## What is required
Although the data below contains pictures, output only the lines between those holding "He also makes" and "We wouldn't be", inclusive, exactly and without those pictures.

## Recorded information
__________________________________________________

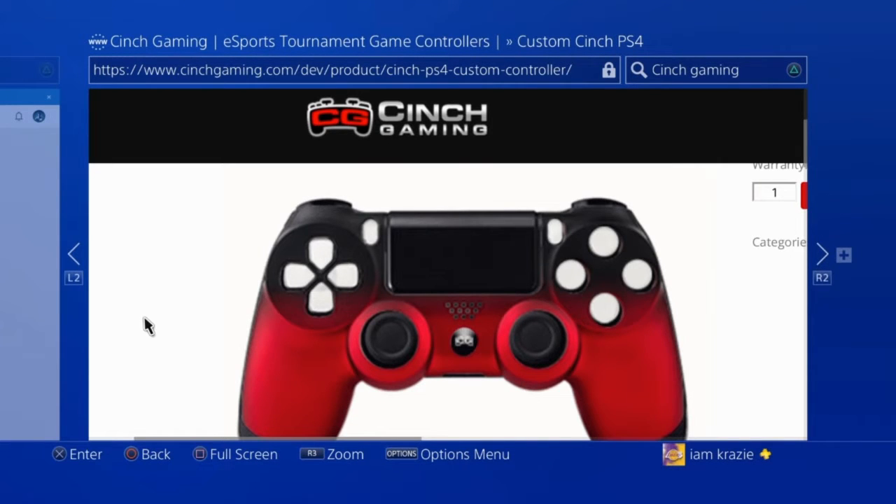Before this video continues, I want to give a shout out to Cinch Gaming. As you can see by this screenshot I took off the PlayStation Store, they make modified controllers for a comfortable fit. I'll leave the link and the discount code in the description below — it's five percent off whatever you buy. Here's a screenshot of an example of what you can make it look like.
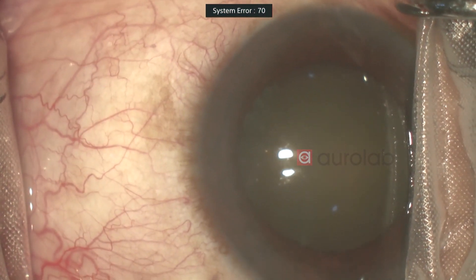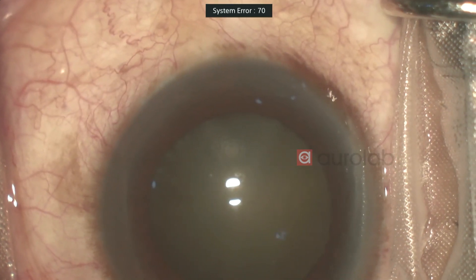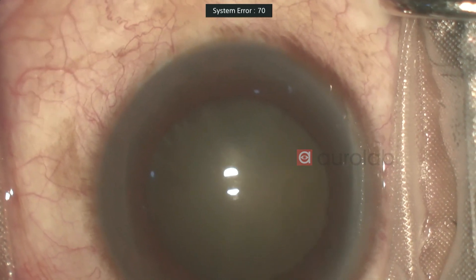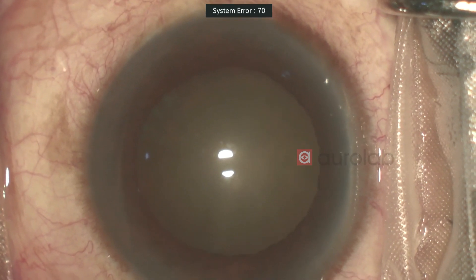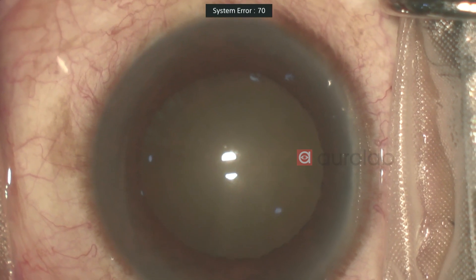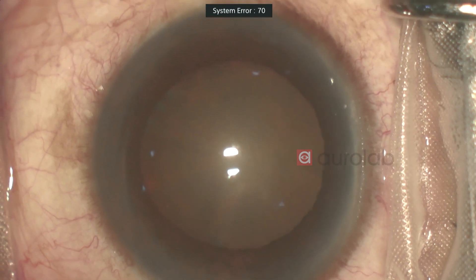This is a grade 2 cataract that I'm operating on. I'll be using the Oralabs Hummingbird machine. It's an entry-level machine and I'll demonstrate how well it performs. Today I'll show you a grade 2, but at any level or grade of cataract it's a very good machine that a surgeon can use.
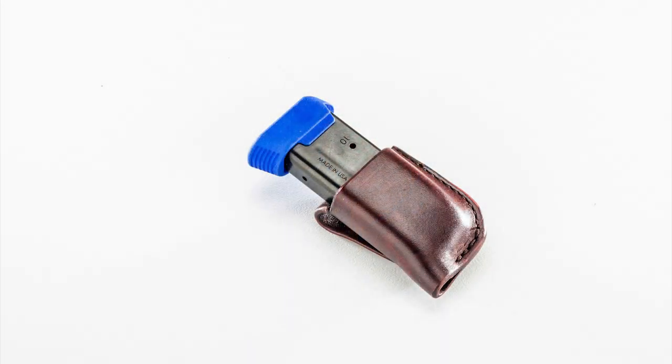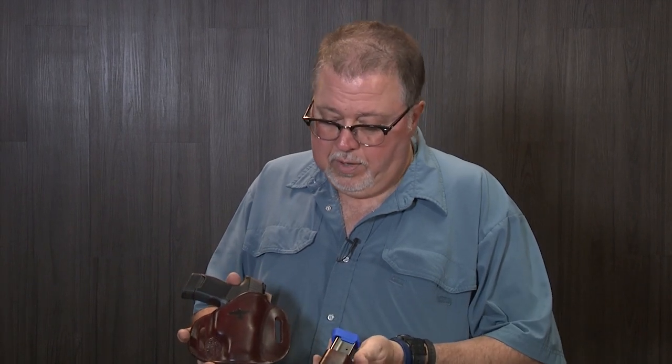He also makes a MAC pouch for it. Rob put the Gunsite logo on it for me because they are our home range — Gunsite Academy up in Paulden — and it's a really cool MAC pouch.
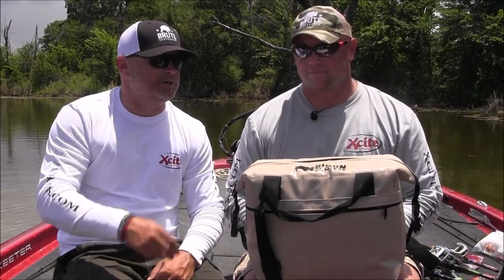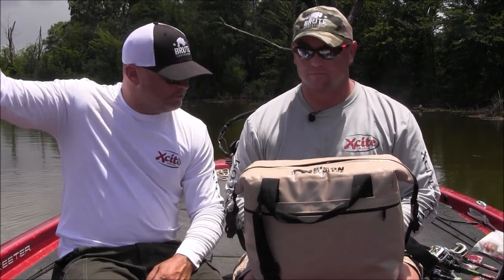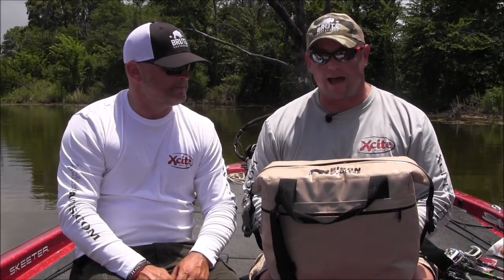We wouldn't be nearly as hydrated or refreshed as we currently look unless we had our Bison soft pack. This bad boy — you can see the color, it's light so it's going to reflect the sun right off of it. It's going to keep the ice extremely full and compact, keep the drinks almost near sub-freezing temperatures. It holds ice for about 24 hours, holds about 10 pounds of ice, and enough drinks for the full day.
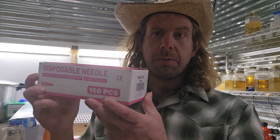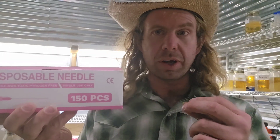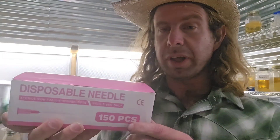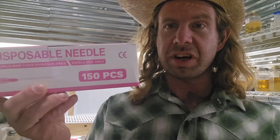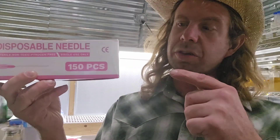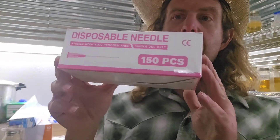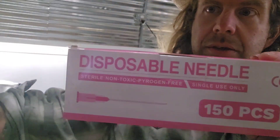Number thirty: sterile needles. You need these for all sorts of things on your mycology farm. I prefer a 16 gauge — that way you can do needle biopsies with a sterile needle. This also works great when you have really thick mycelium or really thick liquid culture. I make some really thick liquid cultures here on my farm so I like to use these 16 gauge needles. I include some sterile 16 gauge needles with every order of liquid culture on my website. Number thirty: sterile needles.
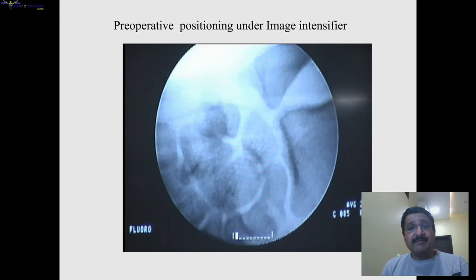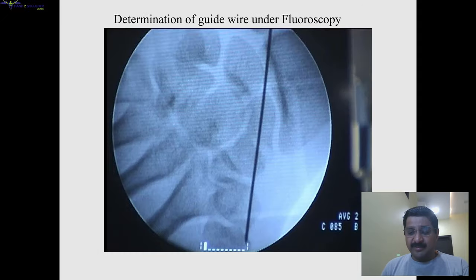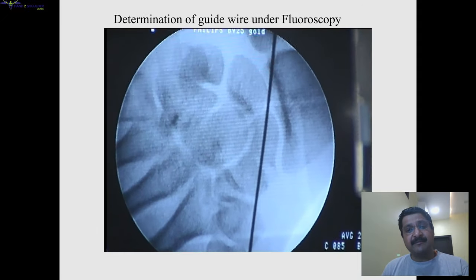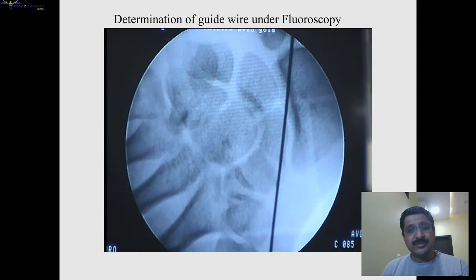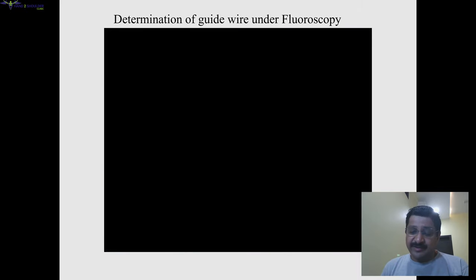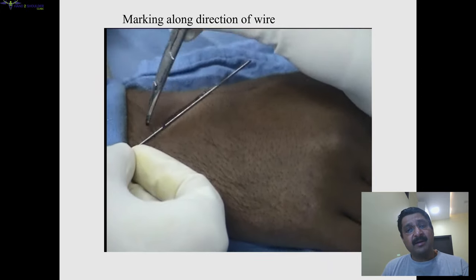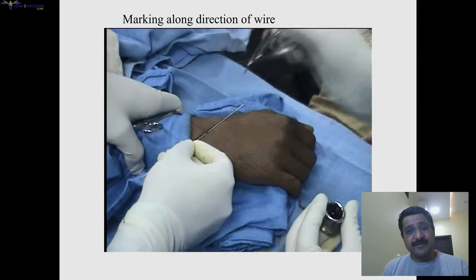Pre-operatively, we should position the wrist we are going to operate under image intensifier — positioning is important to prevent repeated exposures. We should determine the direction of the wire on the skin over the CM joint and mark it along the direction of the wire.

__________________________________________________

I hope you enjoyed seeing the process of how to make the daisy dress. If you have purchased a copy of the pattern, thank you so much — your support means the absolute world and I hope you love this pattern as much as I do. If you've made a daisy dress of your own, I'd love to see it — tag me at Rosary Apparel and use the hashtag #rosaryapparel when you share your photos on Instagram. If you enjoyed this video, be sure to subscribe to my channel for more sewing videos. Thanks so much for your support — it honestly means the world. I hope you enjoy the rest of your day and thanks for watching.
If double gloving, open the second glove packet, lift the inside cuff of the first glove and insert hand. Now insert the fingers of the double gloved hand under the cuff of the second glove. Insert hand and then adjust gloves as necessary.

__________________________________________________

## Task result
He also makes a MAC pouch for it. Rob put the Gunsite logo on it for me because they are our home range — Gunsite Academy up in Paulden — and it's a really cool MAC pouch.
We wouldn't be nearly as hydrated or refreshed as we currently look unless we had our Bison soft pack. This bad boy — you can see the color, it's light so it's going to reflect the sun right off of it. It's going to keep the ice extremely full and compact, keep the drinks almost near sub-freezing temperatures. It holds ice for about 24 hours, holds about 10 pounds of ice, and enough drinks for the full day.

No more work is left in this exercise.